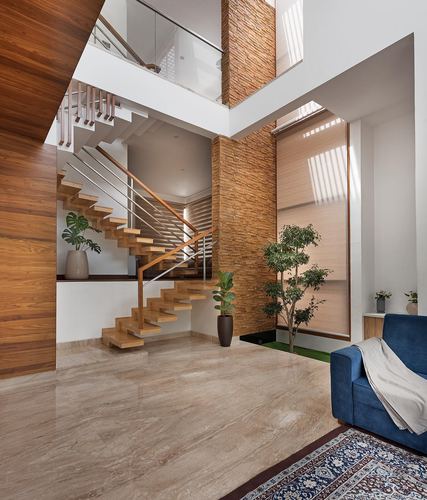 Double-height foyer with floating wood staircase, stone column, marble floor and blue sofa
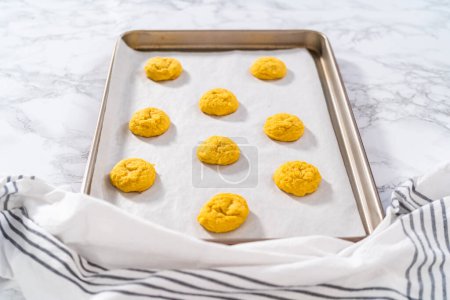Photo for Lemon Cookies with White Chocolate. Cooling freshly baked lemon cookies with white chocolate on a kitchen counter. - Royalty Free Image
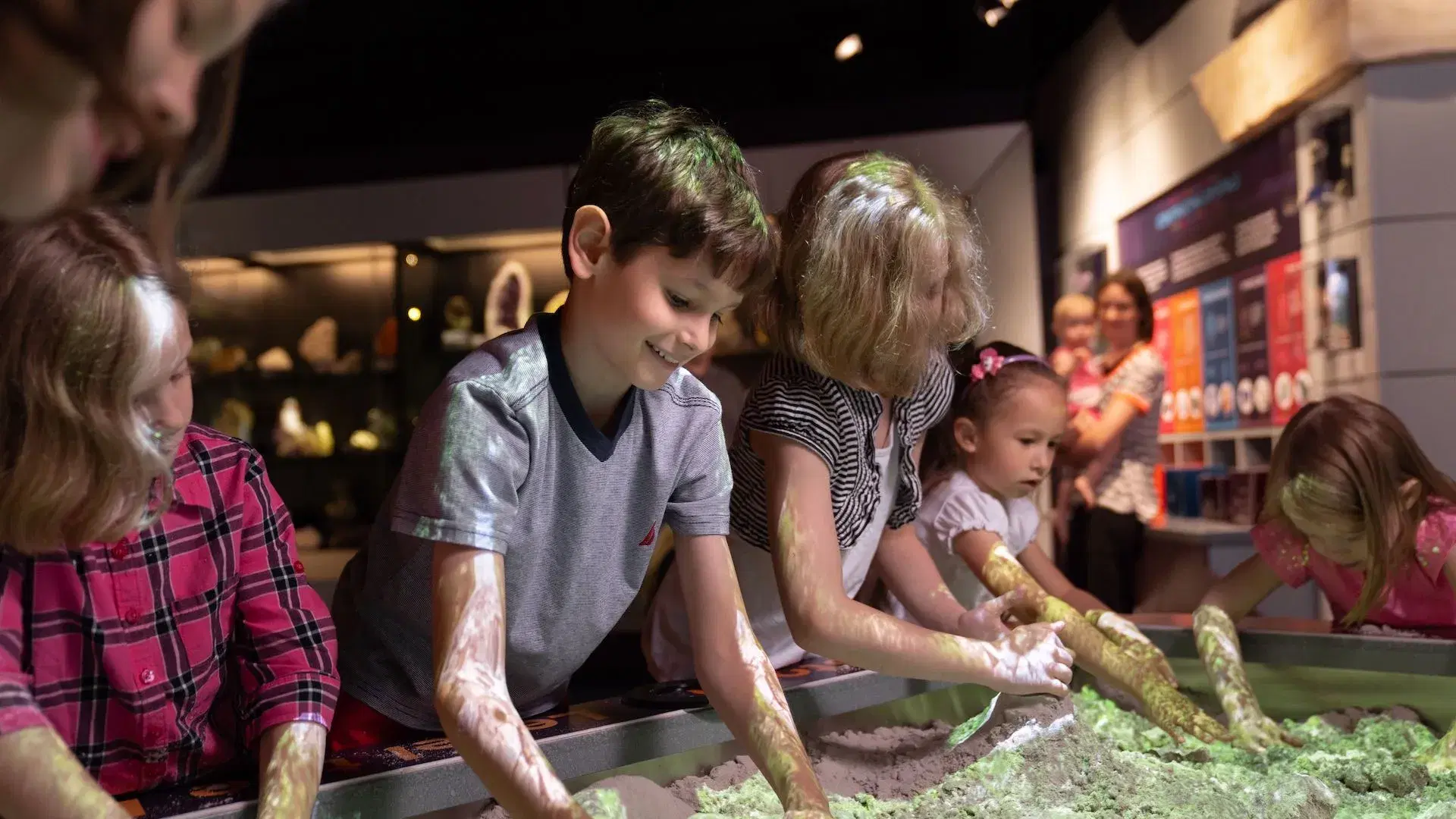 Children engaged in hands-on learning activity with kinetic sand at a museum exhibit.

+++++

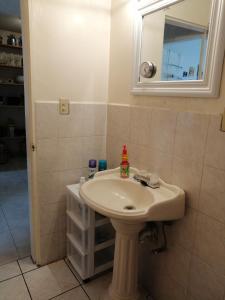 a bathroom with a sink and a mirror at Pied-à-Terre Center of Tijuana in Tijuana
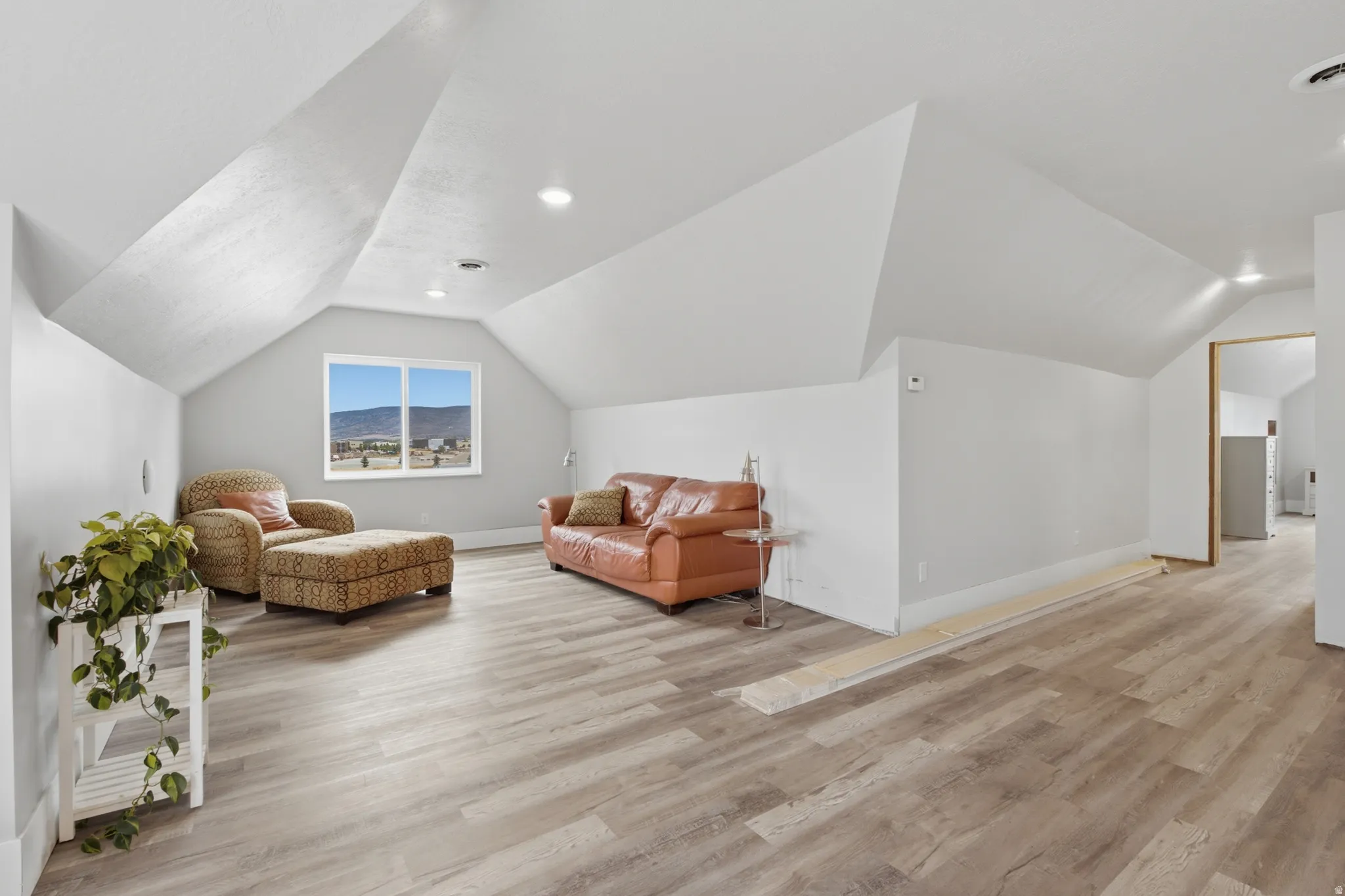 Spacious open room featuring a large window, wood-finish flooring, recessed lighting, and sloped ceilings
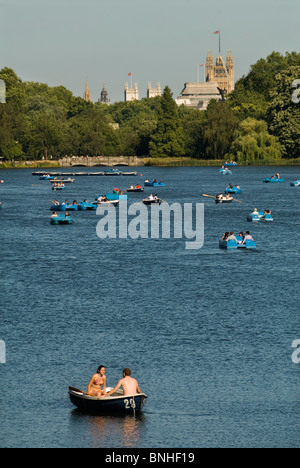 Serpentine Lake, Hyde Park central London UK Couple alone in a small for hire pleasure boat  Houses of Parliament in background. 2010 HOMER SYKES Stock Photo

+++++

» **The problem**: In the listing above, the required lines run from the line with "Double-height foyer with" through the line with "Children engaged in". Output exactly those lines, omitting pictures.

» **Answer section**:
 Double-height foyer with floating wood staircase, stone column, marble floor and blue sofa
Photo for Lemon Cookies with White Chocolate. Cooling freshly baked lemon cookies with white chocolate on a kitchen counter. - Royalty Free Image
 Children engaged in hands-on learning activity with kinetic sand at a museum exhibit.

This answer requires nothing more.